Planning on leaving P-cola pass mid morning and heading to rampowell rig area via the saddle. We are new to this blue water suff, and haven'ta clue. We've got the basics of chunking for tuna, but don't know anything about sword fish. any info on rigs and baits would be helpfull.

How's about wahoo. What lures, speed, etc.

thanks


----------



## countryjwh (Nov 20, 2007)

friends of mine went friday night. 15 blacks, 2 yellows at the ram. caught most on diamond jigs and butterbly jigs.crushed the grouper, jacks, and kingswith one wahoo on the way in. caught on natural bottom. they said that it was the most kings that they have everseen skyrocketing and catching. they were hitting from cut bait to what ever you were reeling up.


----------



## Rastaman (Oct 5, 2007)

i am not sure how well chunking does in the day. diamond jigs and chunking are my perfered methods at night. Last trip we caught a few hardtails on diamond jugs at night and then put them out at daylight on circle hooks to catch two big yft.


----------



## Captain Woody Woods (Oct 2, 2007)

> *Rastaman (12/17/2007)* Last trip we caught a few hardtails on diamond jugs at night and then put them out at daylight on circle hooks to catch two big yft.

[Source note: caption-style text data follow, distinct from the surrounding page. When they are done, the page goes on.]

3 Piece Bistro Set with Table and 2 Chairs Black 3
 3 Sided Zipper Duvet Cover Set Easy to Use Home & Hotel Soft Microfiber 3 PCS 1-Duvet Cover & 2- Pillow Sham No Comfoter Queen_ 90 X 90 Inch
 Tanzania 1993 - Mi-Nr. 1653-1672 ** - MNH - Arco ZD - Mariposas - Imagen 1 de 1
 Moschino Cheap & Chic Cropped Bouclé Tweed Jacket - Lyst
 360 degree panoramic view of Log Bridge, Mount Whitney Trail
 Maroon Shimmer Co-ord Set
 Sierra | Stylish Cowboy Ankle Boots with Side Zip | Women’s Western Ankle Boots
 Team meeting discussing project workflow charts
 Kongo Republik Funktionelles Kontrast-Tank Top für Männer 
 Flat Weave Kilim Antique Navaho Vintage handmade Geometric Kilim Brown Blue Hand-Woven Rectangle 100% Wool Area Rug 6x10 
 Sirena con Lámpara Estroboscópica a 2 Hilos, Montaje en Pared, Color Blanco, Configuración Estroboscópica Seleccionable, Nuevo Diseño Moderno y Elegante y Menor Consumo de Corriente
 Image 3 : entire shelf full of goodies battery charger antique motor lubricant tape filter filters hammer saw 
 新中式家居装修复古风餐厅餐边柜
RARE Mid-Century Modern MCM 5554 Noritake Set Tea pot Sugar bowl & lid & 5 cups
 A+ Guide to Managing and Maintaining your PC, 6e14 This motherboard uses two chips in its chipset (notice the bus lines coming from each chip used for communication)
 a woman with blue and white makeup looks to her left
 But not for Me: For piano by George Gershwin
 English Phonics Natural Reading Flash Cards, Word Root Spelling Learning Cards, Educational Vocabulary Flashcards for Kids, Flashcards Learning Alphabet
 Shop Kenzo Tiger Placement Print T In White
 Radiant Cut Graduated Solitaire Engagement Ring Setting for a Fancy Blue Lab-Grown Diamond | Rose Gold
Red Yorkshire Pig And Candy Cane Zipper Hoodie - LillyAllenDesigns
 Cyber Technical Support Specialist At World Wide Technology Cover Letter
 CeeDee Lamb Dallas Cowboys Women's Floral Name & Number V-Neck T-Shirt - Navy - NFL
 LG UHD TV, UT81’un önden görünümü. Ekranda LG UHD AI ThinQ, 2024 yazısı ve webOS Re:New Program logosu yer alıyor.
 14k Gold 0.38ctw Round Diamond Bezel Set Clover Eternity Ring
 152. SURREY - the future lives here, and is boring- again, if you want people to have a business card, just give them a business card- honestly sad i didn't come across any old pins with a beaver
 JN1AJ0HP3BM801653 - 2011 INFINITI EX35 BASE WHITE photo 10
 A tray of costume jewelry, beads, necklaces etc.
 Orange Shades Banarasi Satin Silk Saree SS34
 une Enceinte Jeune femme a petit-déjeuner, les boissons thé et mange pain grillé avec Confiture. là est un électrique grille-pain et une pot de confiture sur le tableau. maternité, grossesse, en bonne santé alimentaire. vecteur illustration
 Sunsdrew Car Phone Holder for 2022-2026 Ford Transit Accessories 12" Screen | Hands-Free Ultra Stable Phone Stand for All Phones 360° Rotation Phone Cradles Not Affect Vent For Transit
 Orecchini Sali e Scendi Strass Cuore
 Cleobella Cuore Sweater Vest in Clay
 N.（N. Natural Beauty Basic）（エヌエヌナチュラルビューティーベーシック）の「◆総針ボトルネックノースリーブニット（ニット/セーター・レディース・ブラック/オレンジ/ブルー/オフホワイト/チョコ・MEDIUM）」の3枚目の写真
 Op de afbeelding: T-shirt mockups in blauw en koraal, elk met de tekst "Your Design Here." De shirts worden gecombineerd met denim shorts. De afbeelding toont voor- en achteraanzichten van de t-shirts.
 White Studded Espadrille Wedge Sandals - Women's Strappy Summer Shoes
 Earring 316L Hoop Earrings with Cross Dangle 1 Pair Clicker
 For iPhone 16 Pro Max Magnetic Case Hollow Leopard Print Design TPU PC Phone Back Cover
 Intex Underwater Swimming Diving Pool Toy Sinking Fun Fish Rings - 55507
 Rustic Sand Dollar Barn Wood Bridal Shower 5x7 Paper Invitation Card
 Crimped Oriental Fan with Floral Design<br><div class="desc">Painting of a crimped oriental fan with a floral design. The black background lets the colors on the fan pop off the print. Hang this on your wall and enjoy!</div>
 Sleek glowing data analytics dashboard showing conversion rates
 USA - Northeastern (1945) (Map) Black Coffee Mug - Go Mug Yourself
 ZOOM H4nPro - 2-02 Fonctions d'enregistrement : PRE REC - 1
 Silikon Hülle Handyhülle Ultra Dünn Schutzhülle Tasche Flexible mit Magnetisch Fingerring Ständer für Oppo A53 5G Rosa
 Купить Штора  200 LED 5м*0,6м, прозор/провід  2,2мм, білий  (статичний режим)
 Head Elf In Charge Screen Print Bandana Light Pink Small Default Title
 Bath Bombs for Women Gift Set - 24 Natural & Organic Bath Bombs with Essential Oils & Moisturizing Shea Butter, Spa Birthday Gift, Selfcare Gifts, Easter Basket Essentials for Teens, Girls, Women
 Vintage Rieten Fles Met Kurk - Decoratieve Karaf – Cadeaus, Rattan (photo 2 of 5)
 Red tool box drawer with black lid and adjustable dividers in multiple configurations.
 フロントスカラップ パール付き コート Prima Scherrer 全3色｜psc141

what is your definition of big? just wondrin if we're talkin cookie cutters or 100+ pounders?


----------



## mack_attack2 (Nov 24, 2007)

Wahoo like dark colored lures (purple, black, dark blue) such as the yo-zuri bonita and long jet headed lures about 10" long. You cant really troll too fast for wahoo but a good starting point is about 10 knots. Always use a wire leader, 125 lb. sevenstrand will do. 30 or 50 pound tackle is the best for wahoo use 50 for all around and use 30 if you want to have more fun with the fight. Once you hook one you better hold on because they are FAST.

:usaflag


----------



## Captain Woody Woods (Oct 2, 2007)

> *mack_attack2 (12/24/2007)*Wahoo like dark colored lures (purple, black, dark blue) such as the yo-zuri bonita and long jet headed lures about 10" long. You cant really troll too fast for wahoo but a good starting point is about 10 knots. Always use a wire leader, 125 lb. sevenstrand will do. 30 or 50 pound tackle is the best for wahoo use 50 for all around and use 30 if you want to have more fun with the fight. Once you hook one you better hold on because they are FAST.
> 
> :usaflag


i'm gonna have to partially disagree with you there. our dorado colored yozuri bonita is torn to shreds. we catch plenty of hoos on lighter colored stuff. so long as it is extra flashy. anything with mylar seems to get the most hits in our spread. what we pull kinda depends on what baitfish we have seen, and also the clarity of the water as well as the brilliance of the sun that day. we pull both wire and cable. when we're down in the bahamas, we dont even think of pullin our spread on 30's. nor will i do it here. for one thing, i have had hoos in the 70 class absolutely spool a 30 like it's going out of style. seen em' work a 50 as well. when we're targeting stud wahoo, the smallest reels we're draggin are those penn 70's. a lot of this is opinion, but we do a lot of serious hooter fishing and this is just what we have found to be successful.


----------



## Travis Gill (Oct 6, 2007)

[/quote]

i'm gonna have to partially disagree with you there. our dorado colored yozuri bonita is torn to shreds. we catch plenty of hoos on lighter colored stuff. so long as it is extra flashy. anything with mylar seems to get the most hits in our spread. what we pull kinda depends on what baitfish we have seen, and also the clarity of the water as well as the brilliance of the sun that day. we pull both wire and cable. when we're down in the bahamas, we dont even think of pullin our spread on 30's. nor will i do it here. for one thing, i have had hoos in the 70 class absolutely spool a 30 like it's going out of style. seen em' work a 50 as well. when we're targeting stud wahoo, the smallest reels we're draggin are those penn 70's. a lot of this is opinion, but we do a lot of serious hooter fishing and this is just what we have found to be successful.[/quote]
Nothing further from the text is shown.